Accessing machine instructions
The target machine can deploy more sophisticated instructions, which can have the capability to
perform specific operations much efficiently. If the target code can accommodate those
instructions directly, that will not only improve the quality of code, but also yield more efficient
results.
OR
a. Construct the tree for following expressions and apply
labeling algorithm for ordering
x*(y+z)-z/(u-v)
b. Explain the basic block and control flow graph.
Answer:
Basic Blocks
Source codes generally have a number of instructions, which are always executed in sequence
and are considered as the basic blocks of the code. These basic blocks do not have any jump
statements among them, i.e., when the first instruction is executed, all the instructions in the
same basic block will be executed in their sequence of appearance without losing the flow
control of the program.
A program can have various constructs as basic blocks, like IF-THEN-ELSE, SWITCH-CASE
conditional statements and loops such as DO-WHILE, FOR, and REPEAT-UNTIL, etc.
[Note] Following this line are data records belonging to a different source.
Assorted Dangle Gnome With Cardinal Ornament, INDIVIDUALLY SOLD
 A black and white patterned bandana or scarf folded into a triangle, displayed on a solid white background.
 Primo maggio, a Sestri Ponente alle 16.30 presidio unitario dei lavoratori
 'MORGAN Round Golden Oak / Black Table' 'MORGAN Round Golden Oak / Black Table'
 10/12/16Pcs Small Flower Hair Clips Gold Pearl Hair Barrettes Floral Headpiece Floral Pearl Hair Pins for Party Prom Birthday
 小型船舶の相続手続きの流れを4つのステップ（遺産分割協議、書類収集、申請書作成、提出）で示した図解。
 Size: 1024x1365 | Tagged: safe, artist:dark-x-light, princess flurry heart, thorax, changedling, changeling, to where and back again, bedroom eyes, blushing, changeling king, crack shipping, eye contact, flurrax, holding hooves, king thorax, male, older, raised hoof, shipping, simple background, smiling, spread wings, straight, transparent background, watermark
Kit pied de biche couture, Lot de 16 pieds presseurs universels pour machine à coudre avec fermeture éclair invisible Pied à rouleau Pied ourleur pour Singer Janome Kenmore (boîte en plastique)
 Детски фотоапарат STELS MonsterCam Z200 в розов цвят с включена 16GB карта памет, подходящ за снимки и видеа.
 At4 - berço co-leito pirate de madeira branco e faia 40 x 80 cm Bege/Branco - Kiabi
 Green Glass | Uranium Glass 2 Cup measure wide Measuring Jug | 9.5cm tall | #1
Basic block identification
We may use the following algorithm to find the basic blocks in a program:
Search header statements of all the basic blocks from where a basic block starts:
o First statement of a program.
o Statements that are target of any branch (conditional/unconditional).
o Statements that follow any branch statement.
Header statements and the statements following them form a basic block.
A basic block does not include any header statement of any other basic block.
Basic blocks are important concepts from both code generation and optimization point of view.
Basic blocks play an important role in identifying variables, which are being used more than
once in a single basic block. If any variable is being used more than once, the register memory
allocated to that variable need not be emptied unless the block finishes execution.
Control Flow Graph
Basic blocks in a program can be represented by means of control flow graphs. A control flow
graph depicts how the program control is being passed among the blocks. It is a useful tool that
helps in optimization by help locating any unwanted loops in the program.